▸ **DATA SECTION**:
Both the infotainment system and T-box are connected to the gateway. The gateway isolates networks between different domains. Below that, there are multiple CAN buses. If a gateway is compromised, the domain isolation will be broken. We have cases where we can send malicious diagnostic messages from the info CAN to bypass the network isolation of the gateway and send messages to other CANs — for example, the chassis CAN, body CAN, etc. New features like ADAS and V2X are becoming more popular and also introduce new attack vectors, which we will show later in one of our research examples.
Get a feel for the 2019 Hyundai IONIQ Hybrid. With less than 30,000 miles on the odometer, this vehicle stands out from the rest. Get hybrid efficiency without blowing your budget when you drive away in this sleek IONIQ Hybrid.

...

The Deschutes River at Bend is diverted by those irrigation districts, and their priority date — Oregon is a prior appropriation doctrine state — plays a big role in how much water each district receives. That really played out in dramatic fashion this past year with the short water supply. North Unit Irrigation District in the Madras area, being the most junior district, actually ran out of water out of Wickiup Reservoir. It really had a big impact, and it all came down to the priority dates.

...

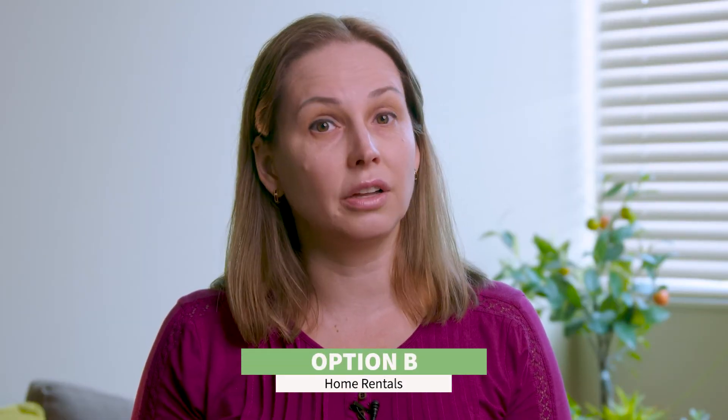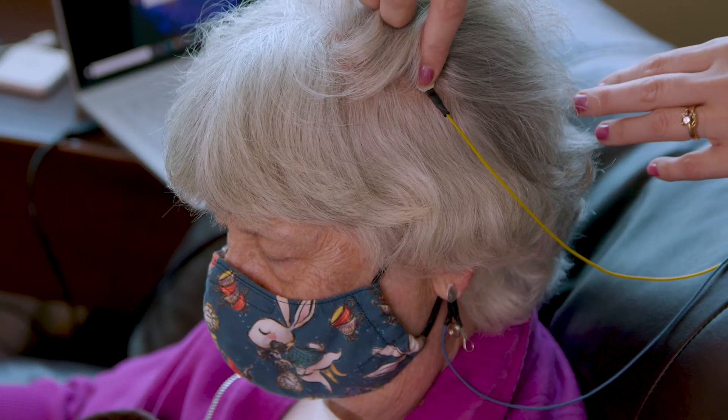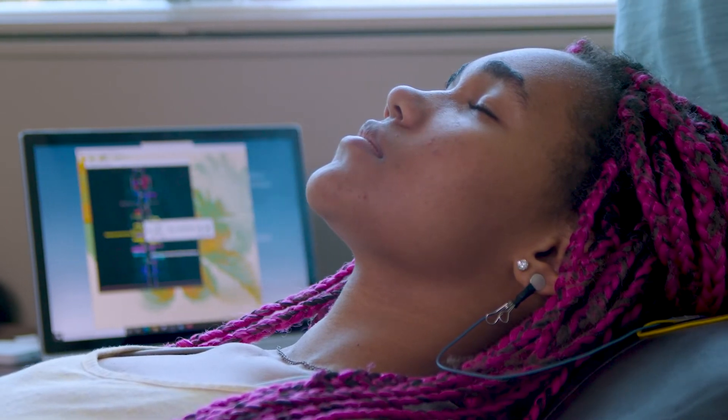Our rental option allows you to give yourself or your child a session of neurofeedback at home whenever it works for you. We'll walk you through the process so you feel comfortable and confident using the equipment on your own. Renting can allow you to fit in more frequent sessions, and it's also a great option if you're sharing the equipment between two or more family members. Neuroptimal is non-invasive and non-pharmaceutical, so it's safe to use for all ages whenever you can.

▸ **EXERCISE PROMPT**:
For each line of the data that includes the word "this", return a copy of it.

▸ **EXERCISE RESULT**:
Get a feel for the 2019 Hyundai IONIQ Hybrid. With less than 30,000 miles on the odometer, this vehicle stands out from the rest. Get hybrid efficiency without blowing your budget when you drive away in this sleek IONIQ Hybrid.
The Deschutes River at Bend is diverted by those irrigation districts, and their priority date — Oregon is a prior appropriation doctrine state — plays a big role in how much water each district receives. That really played out in dramatic fashion this past year with the short water supply. North Unit Irrigation District in the Madras area, being the most junior district, actually ran out of water out of Wickiup Reservoir. It really had a big impact, and it all came down to the priority dates.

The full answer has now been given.